The policeman stood before the enormous stuffed head of a black buffalo from East Africa. Nordeck was trying to explain the thing with the sheep. “This is how it is,” he said, searching for the right words. “In the last few months, Philipp has killed some sheep. Well, he slit their throats. The farmers caught him at it once and told me about it.”
“Ah, slit their throats,” said the policeman. “These buffalo weigh more than twenty-five hundred pounds, don’t they?”
“Yes, they’re pretty dangerous. A lion doesn’t stand a chance against a full-grown specimen.”
“So, the boy slaughtered sheep, yes?” The detective could hardly tear himself away from the buffalo.
Nordeck took this to be a good sign. “Of course I paid compensation for the sheep, and we also wanted to have Philipp begin … But somehow we were hoping it would all blow over.
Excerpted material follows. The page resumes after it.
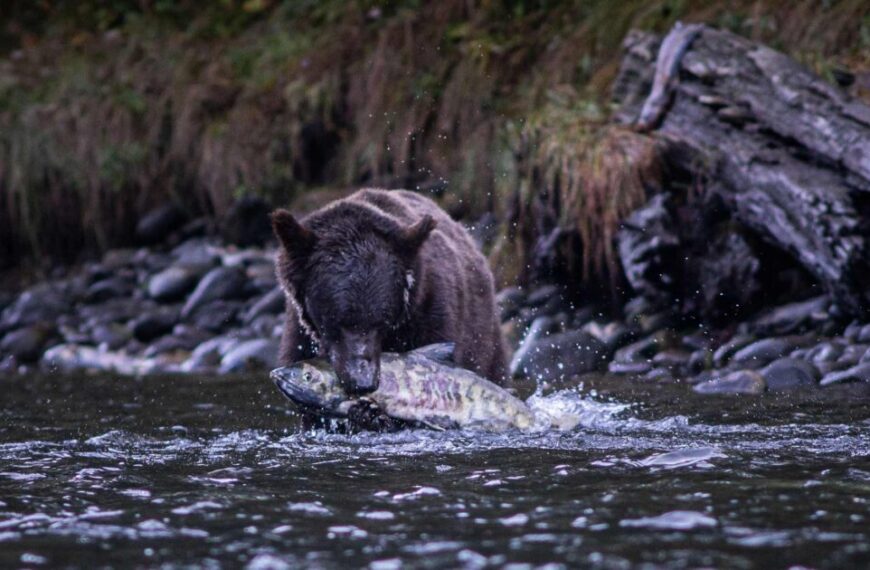 A bear catching a fish in a river stands its ground against the rocky shoreline, with a broader horizon of lush foliage in the background.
We were wrong.” Better leave out the details about the stab wounds and the eyes, thought Nordeck.
“Why does he do it?”
“I don’t know. I have no idea.”
“Sounds odd, no?”
“Yes, it’s odd. We have to do something with him,” Nordeck said again.
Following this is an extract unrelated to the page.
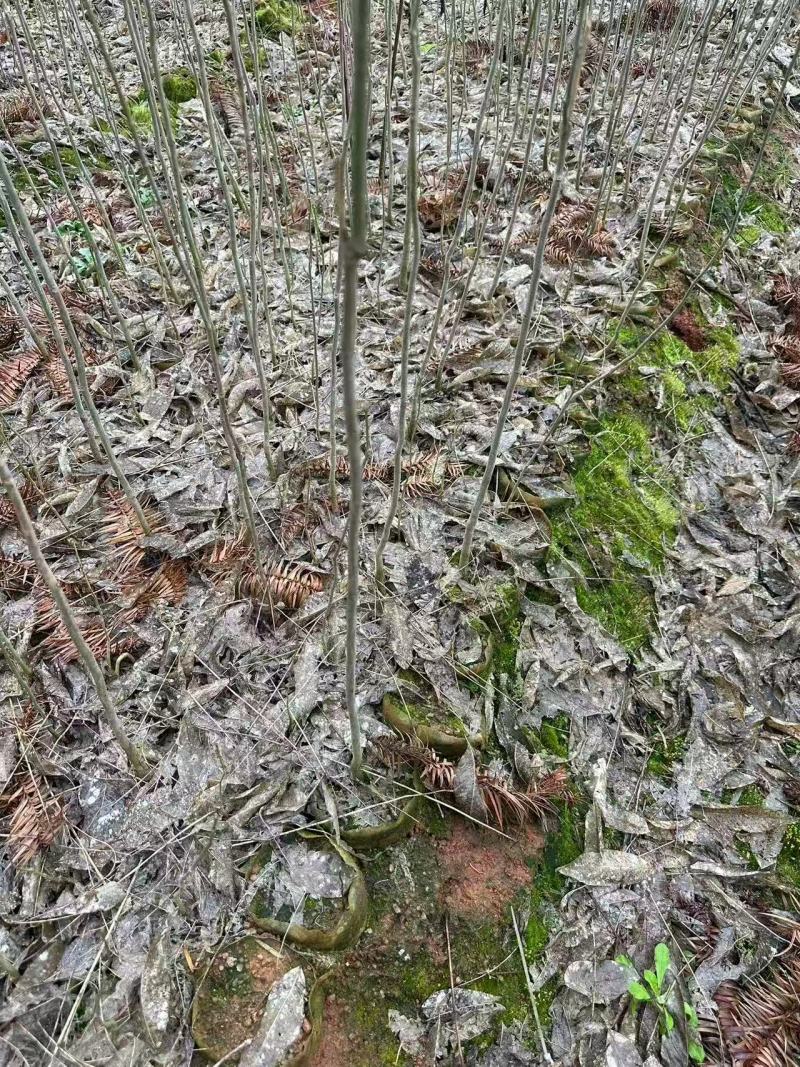 乌桕杯苗成活率高健壮根系完整产地直发品质保障可对接全国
“Looks that way. Do you know what happened today?”
“What do you mean?”
“Well, was it another sheep?” asked the detective. He simply couldn’t leave the buffalo alone, and had put his hands on the horns.
“Yes, one of the farmers called my cell phone a little while ago. He’s found another.”
The policeman nodded absentmindedly. He was annoyed at having to spend his Friday evening with a sheep killer, but the buffalo wasn’t bad at all. He asked Nordeck if he could go to police headquarters in town on Monday to give a brief statement. He’d had enough of paperwork and wanted to get home.
“Of course,” said Nordeck.
The second detective came down the stairs holding an old cigar box with VILLIGER KIEL on it in brownish-yellow lettering.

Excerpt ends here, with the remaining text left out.